Through our newfound marketing prowess and exposure from the Clean Tech Open, we ended up in London demonstrating the Nila Lighting System for the Quantum of Solace lighting director and director of photography. We had 12 prototypes at the time, but the director wanted to use 30 on the film. The $50,000 prize was put to work immediately manufacturing the first production run of the Nila Lighting System. One unique use was in the car chase scenes both inside and outside the cars. They also put NILAs on the back of a motorcycle to light actors in the car chases. The NILAs were powered by the motorcycle battery. Because our LED lights are completely housed, they are much more durable than any other type of existing movie lighting. 
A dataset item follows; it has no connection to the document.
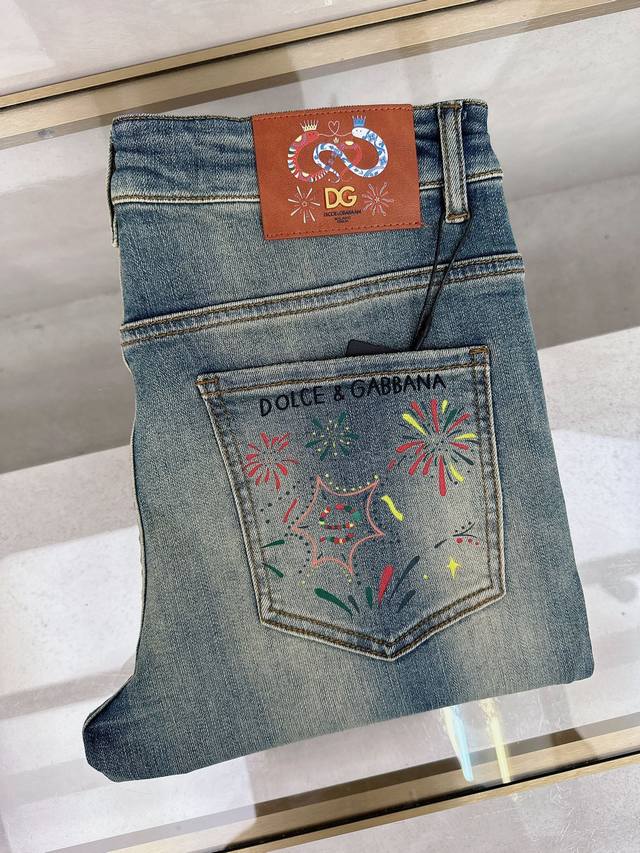 Dg's latest 2025 Autumn/Winter men's casual jeans! Heavy-duty washed jeans! Cust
What are the biggest benefits to participating in the Clean Tech Open?

As a non-business person, I benefited from every meeting and workshop. The mentors were an enormous help in shaping me into an entrepreneur and my taking my vision into a real business. The business and financial plans I developed with the Clean Tech Open opened doors. The mock investor presentations and excellent feedback helped me gain credibility and confidence in investor meetings.

Besides having the money to manufacture lights for Quantum of Solace, how has winning the Energy Efficiency and Alumni awards helped?

I get invitations to speak all the time now. From that exposure, I meet lots of talented potential employees and business contacts. We gained credibility in our industry and customer base from winning the awards. We also generate more interest from potential investors and venture capitalists. 


What is the future of NILA?

We have several milestones coming up including European distribution and new products to launch in 2009. Are big milestone of 2009 is to surpass $2 million in revenue. We are also hoping to close a 2 plus million dollar funding round in the next six months. I have an ongoing relationship with the Clean Tech Open that keeps me connected to the incredible mentor talent. I also give back when I can, because the organization has given so much to me. 


Would you recommend the Clean Tech Open to other entrepreneurs?

I say yes, go for it. But, only if you are open to change. You have to be receptive to the words of expert business people who have been there, done that. I was a blank slate, so I soaked up the input and advice. I learned so much about everything from creating a business plan, to presenting the plan, to operating a business, financing, patents, intellectual property—you name it.